Ce qui frappe, surtout, dans cette gerbe bigarrée, c’est la polysémie des affects alagnesques. Sa musique est celle d’une France d’avant la fracture – celle de Jacques Martin et de Jacques Chancel, celle des Carpentier, de Guy Lux et de Georges Guétary. Une France qui savait s’amuser ; une France qui osait les plaisirs simples. Une France du refus de l’ambiguïté. Une France dans laquelle un sourire était un sourire. Une France, surtout, de la pluralité. Car derrière les flonflons et l’apparente jovialité de l’album repose un message : celui d’une identité plurielle. Dans le cœur de Roberto Alagna, il y a la Sicile, il y a l’appel de la musique arabo-andalouse, il y a l’Espagne, il y a la généalogie du bal musette, il y a le génie gitan. Bref, dans le cœur de Roberto Alagna, il y a de la place pour tout le monde. Bien sûr, il n’est pas exclu que cette générosité-là fasse sourire les cyniques, qu’on attende l’artiste au tournant. Mais le débat n’aura pas lieu, car ceux qui bouderont cet album le bouderont d’avance et ceux qui l’aimeront, l’aimeront de confiance.

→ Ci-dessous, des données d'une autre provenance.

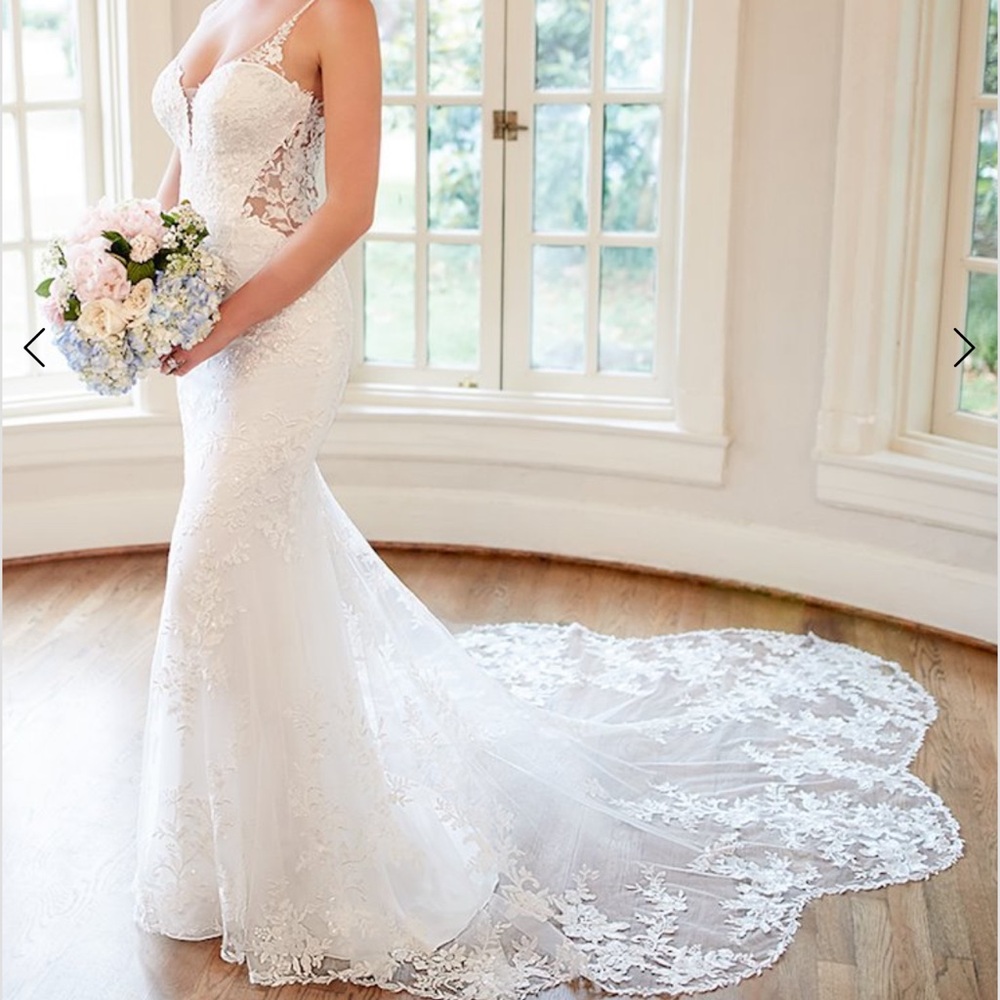 Stella York Wedding Dress + veil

Surtout que vocalement, Alagna ne se met pas en danger. Comme une énorme berline allemande lancée sur l’autoroute, la soie intense du médium le plus articulé du chant français enfonce toutes les portes ouvertes de sa propre légende. Il n’y a ici ni surprise ni suraigu extrapolé. Rien qui relève de l’effet opératique. Par contre, on se surprend à trouver à Roberto Alagna des accents du Chet Baker de Chet is back, celui (la comparaison s’arrête ici) qui bientôt s’effondrera et dont le soleil une dernière fois, avec une incomparable nostalgie, déployait ses effets. Des rencontres étonnantes, par contre et comme s’il en pleuvait : dans « Mayari », la voix élégante et distante d’Ornella Alagna parvient à se marier aux harmoniques de son père, le binôme s’enivrant de « Tikirikoumbamaba » d’une délicieuse gaité. Même sentiment face à l’impayable « Maniusiu, ach ! », chanté en franco-polonais avec la chère Aleksandra Kurzak, plus Julie Andrews que jamais. « Le Chanteur » est un album qui trouvera son public aussi simplement qu’il trouvera ses détracteurs et s’il est aisé d’entendre les arguments prévisibles de ces derniers, nous nous rangerons à la sincérité des premiers.